Exercise goal |
What you return must match the listing below character for character, minus any pictures.

Records provided |
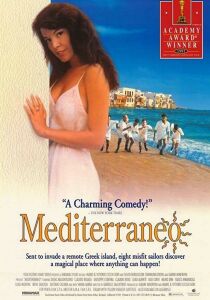 Mediterraneo streaming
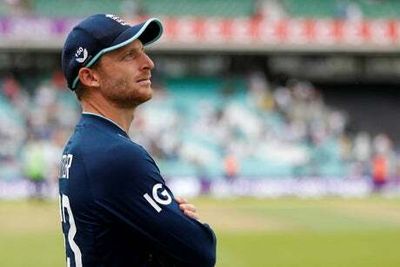 England vs India: Jos Buttler must summon World Cup spirit in fresh ODI challenge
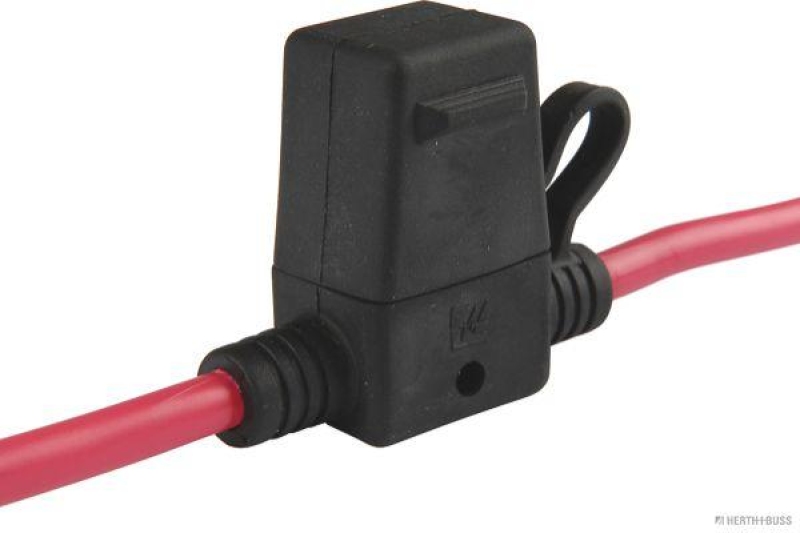 HERTH+BUSS 50390423 Sicherungshalter JCase, -58 V, -60 A
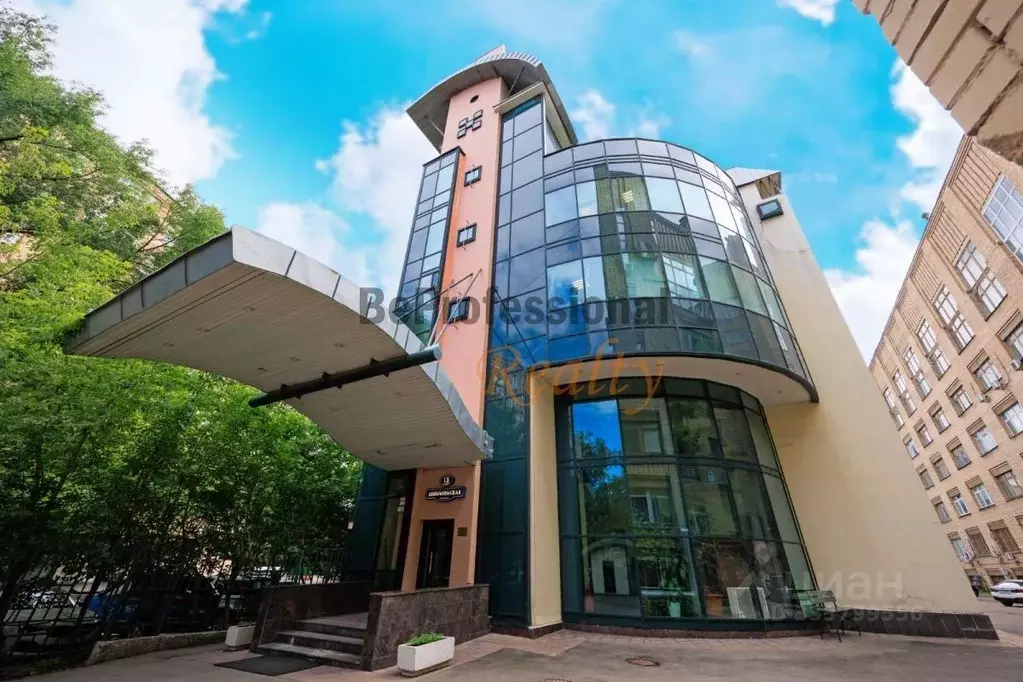 Офис в Москва Николоямская ул., 13С17 (72 м) - Фото 1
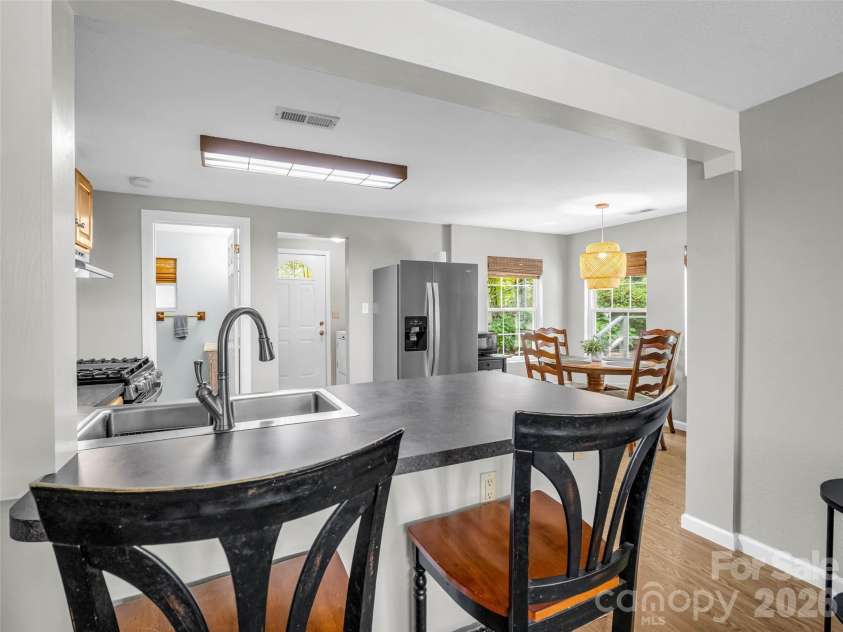 239 Havnaers Point, Lake Lure, NC 28746.  MLS# CAR4412193, YatesRealty ID 42250. 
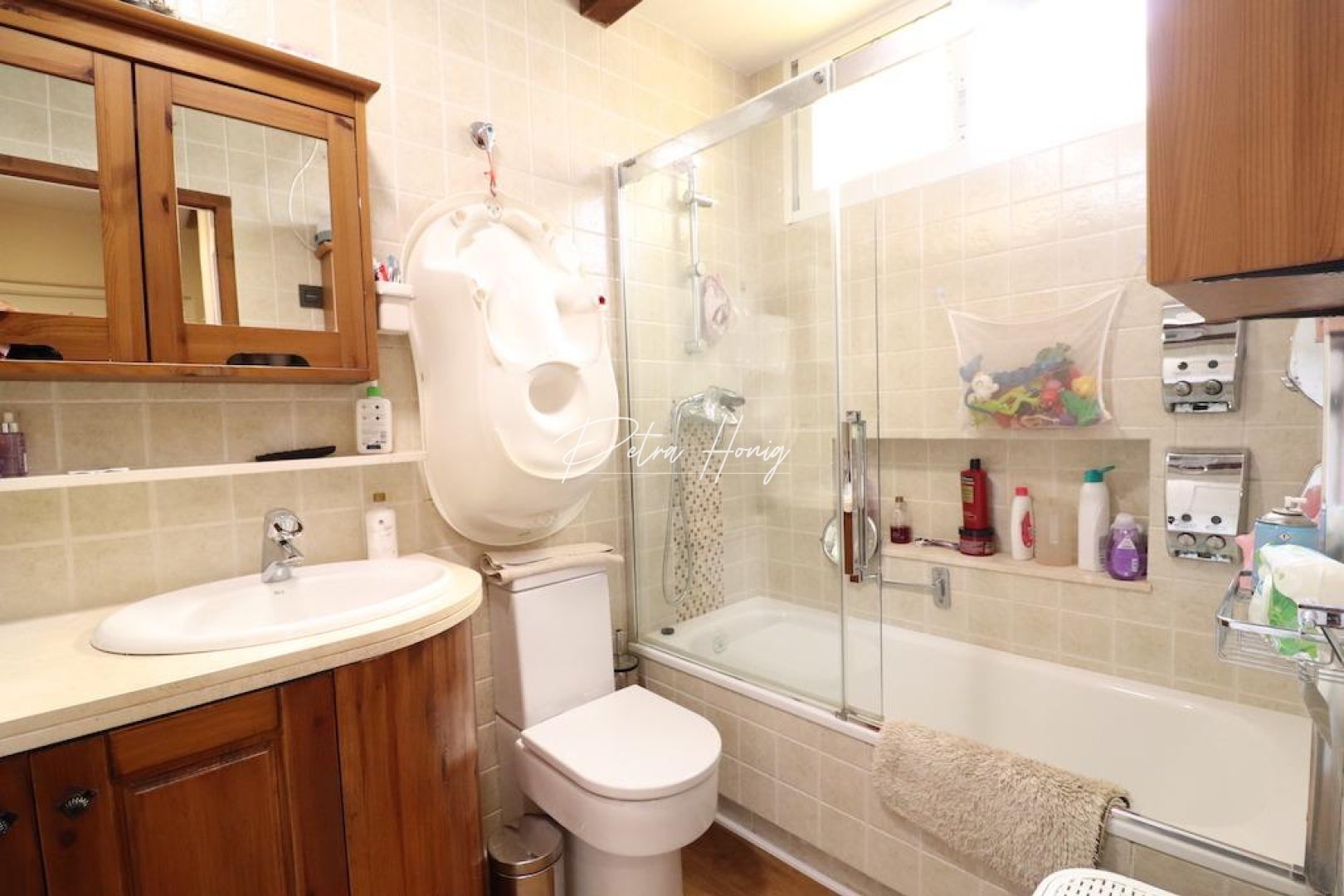 A Vendre - Villa - Orihuela Costa - Lomas De Cabo Roig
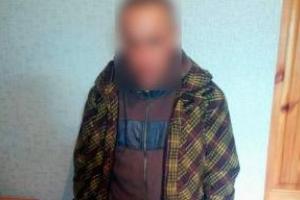 В Балаклее полиция задержала мужчину, который "под шумок" обчистил соседей и школу
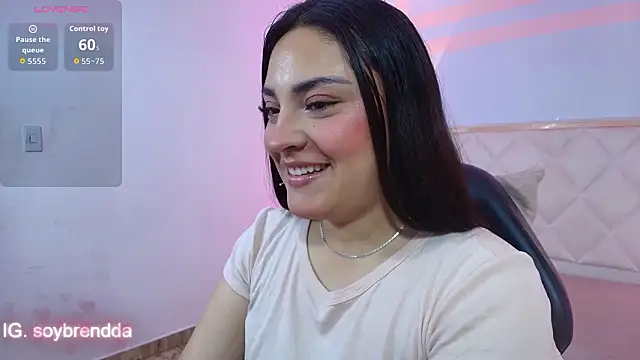 Brendda tay online show from March 2026 03:34:02 AM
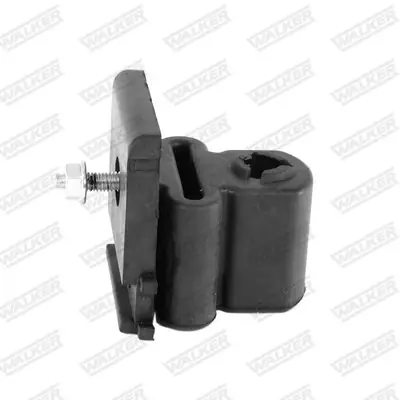 Bezpieczna płatność Uchwyt, system wydechowy WALKER 80273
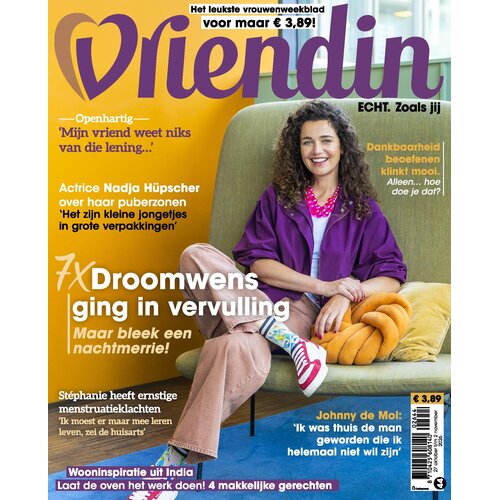 Vriendin 44-2026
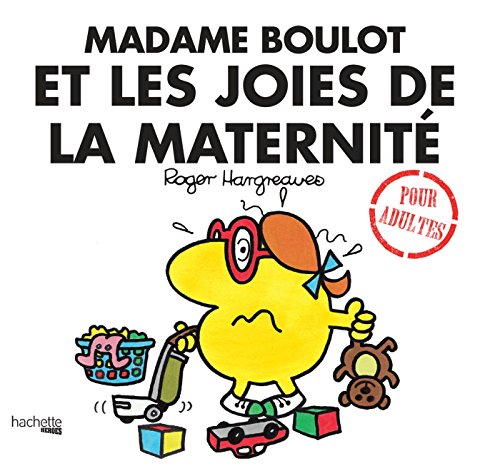 Beispielbild fr Madame boulot et les joies de la maternit zum Verkauf von medimops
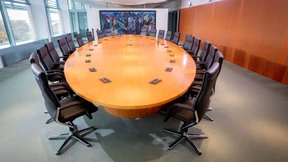 Neues Bundeskabinett kommt zusammen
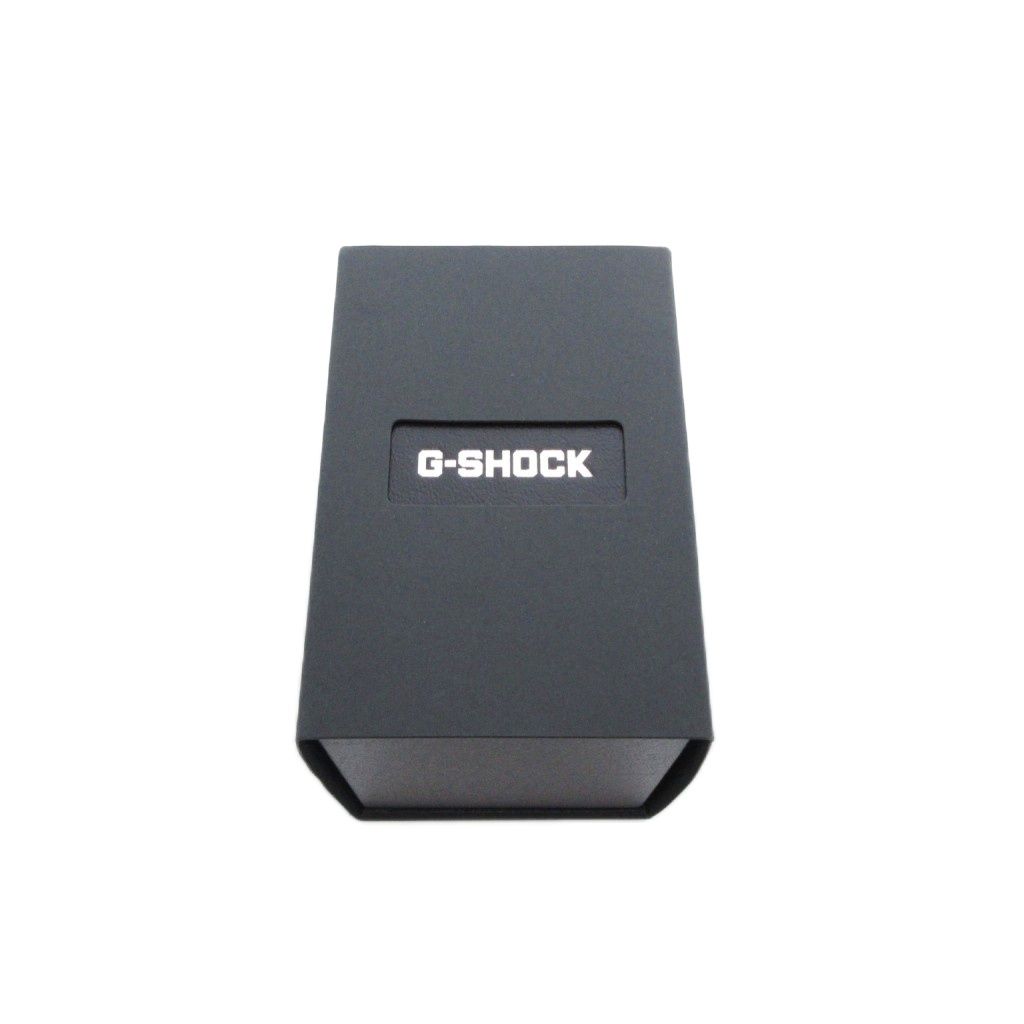 カシオジーショック CASIO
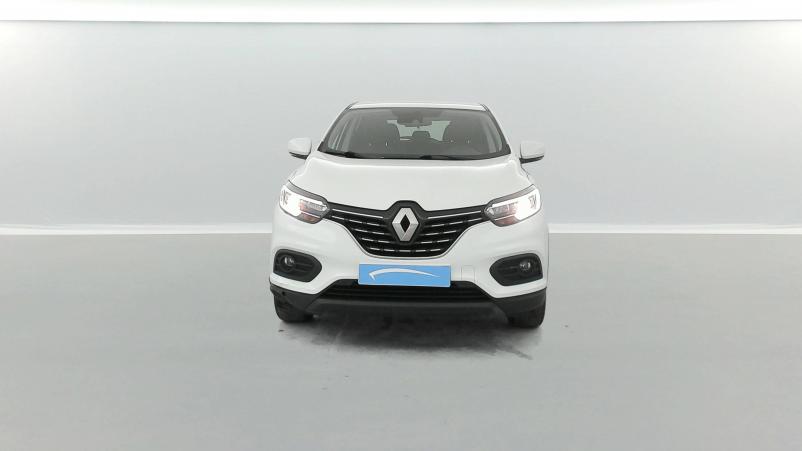Vente en ligne Renault Kadjar  Blue dCi 115 EDC au prix de 18 290 €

Solution |
 Mediterraneo streaming
 England vs India: Jos Buttler must summon World Cup spirit in fresh ODI challenge
 HERTH+BUSS 50390423 Sicherungshalter JCase, -58 V, -60 A
 Офис в Москва Николоямская ул., 13С17 (72 м) - Фото 1
 239 Havnaers Point, Lake Lure, NC 28746.  MLS# CAR4412193, YatesRealty ID 42250. 
 A Vendre - Villa - Orihuela Costa - Lomas De Cabo Roig
 В Балаклее полиция задержала мужчину, который "под шумок" обчистил соседей и школу
 Brendda tay online show from March 2026 03:34:02 AM
 Bezpieczna płatność Uchwyt, system wydechowy WALKER 80273
 Vriendin 44-2026
 Beispielbild fr Madame boulot et les joies de la maternit zum Verkauf von medimops
 Neues Bundeskabinett kommt zusammen
 カシオジーショック CASIO
Vente en ligne Renault Kadjar  Blue dCi 115 EDC au prix de 18 290 €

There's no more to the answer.